Required action: Your reply should consist only of the lines from the one holding "Tasty chocolate candies" to the last line of the data below, written out exactly and without pictures.

*** Data section ***

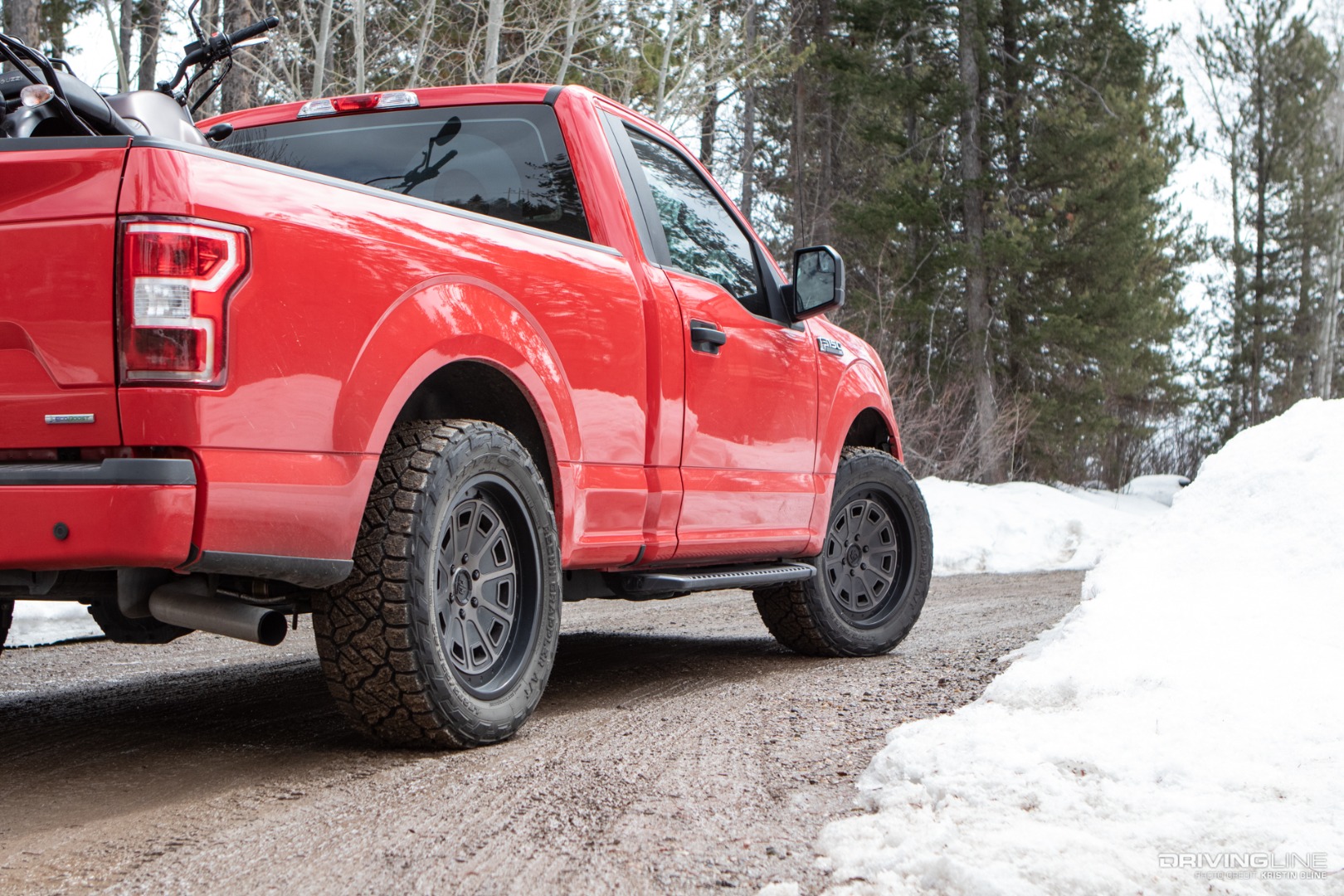 Nitto Recon Grappler A/T Tires on a Ford F150 with a motorcycle in the bed on snow muddy road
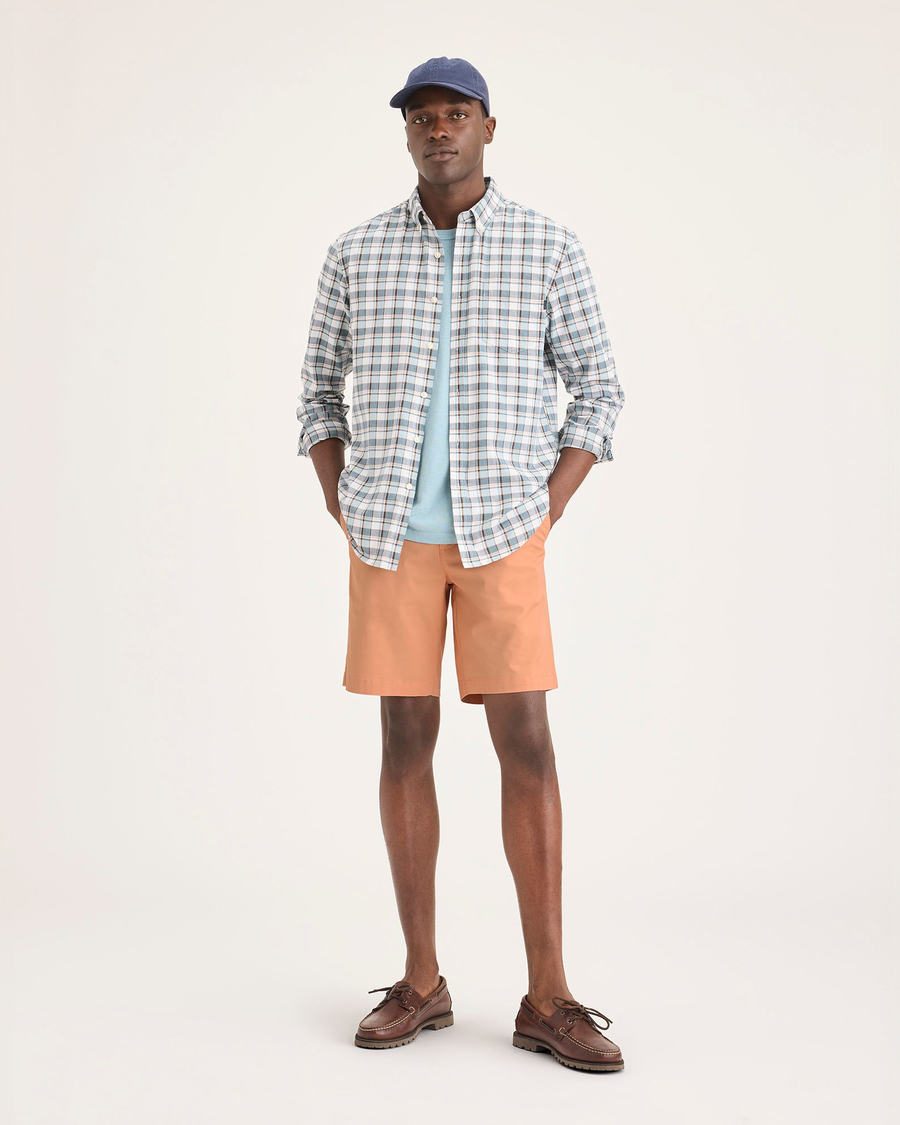 Front view of model wearing Peach Bloom Ultimate 9.5" Shorts.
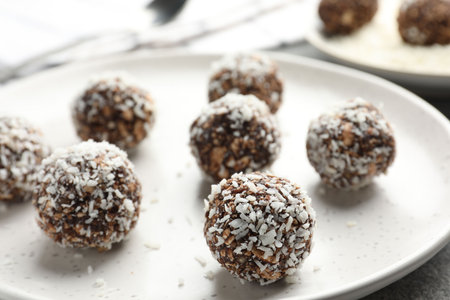Tasty chocolate candies with nuts and coconut flakes on gray table, closeup
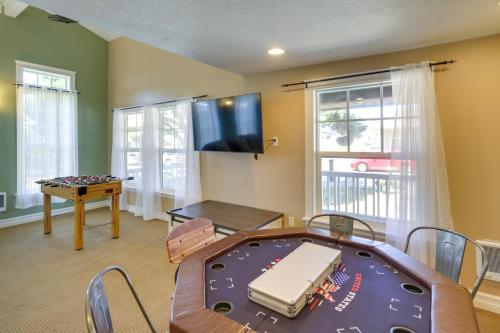 a room with a ping pong table and agamuitous at Coastal Lincoln City Home with Spacious Deck! in Lincoln City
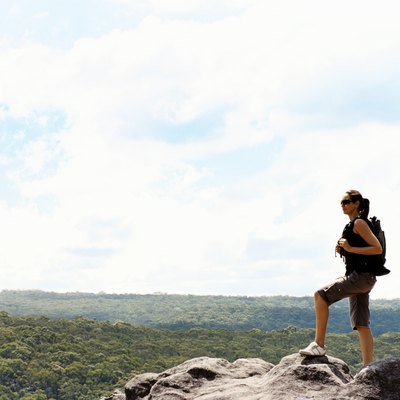 Woman Standing on a Mountain Summit Looking at View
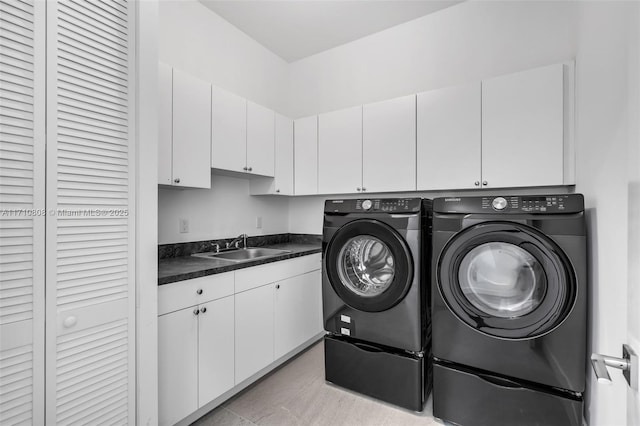 washroom featuring sink, cabinets, and washing machine and clothes dryer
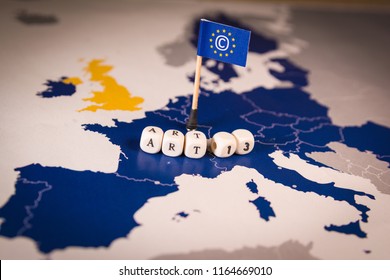 Flag With Copyright Symbol Over A EU Map. Symbolizing The EU Directive On Copyright In The Digital Single Market Or CDSM. Art. 13 Is Known As Meme Ban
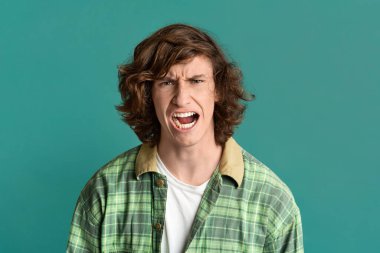 Öfkeni ifade et. Renkli arka planda öfkeli yüz ifadesi olan genç bir adam.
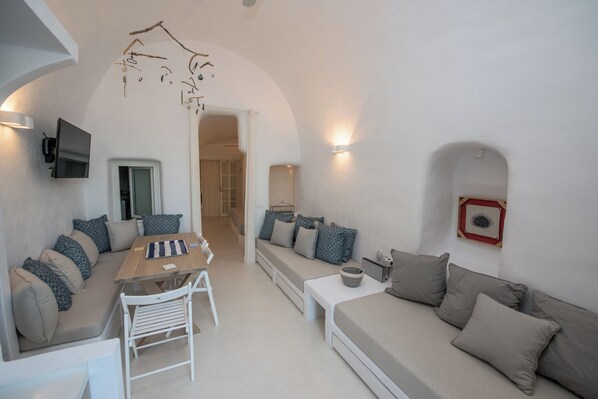 A modern living room with a sofa, a dining table, and a TV mounted on the wall.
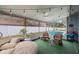 Relaxing sunroom with comfortable seating, strung lights, ceiling fan, and pool views at 4701 Lodestone Dr, Tampa, FL 33615
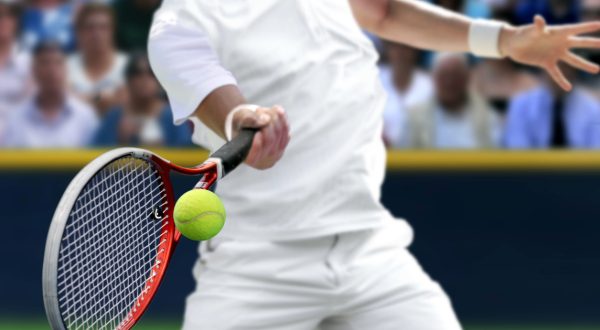 tennis player holding racket hitting tennis ball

***

Your solution:
Tasty chocolate candies with nuts and coconut flakes on gray table, closeup
 a room with a ping pong table and agamuitous at Coastal Lincoln City Home with Spacious Deck! in Lincoln City
 Woman Standing on a Mountain Summit Looking at View
 washroom featuring sink, cabinets, and washing machine and clothes dryer
 Flag With Copyright Symbol Over A EU Map. Symbolizing The EU Directive On Copyright In The Digital Single Market Or CDSM. Art. 13 Is Known As Meme Ban
 Öfkeni ifade et. Renkli arka planda öfkeli yüz ifadesi olan genç bir adam.
 A modern living room with a sofa, a dining table, and a TV mounted on the wall.
 Relaxing sunroom with comfortable seating, strung lights, ceiling fan, and pool views at 4701 Lodestone Dr, Tampa, FL 33615
 tennis player holding racket hitting tennis ball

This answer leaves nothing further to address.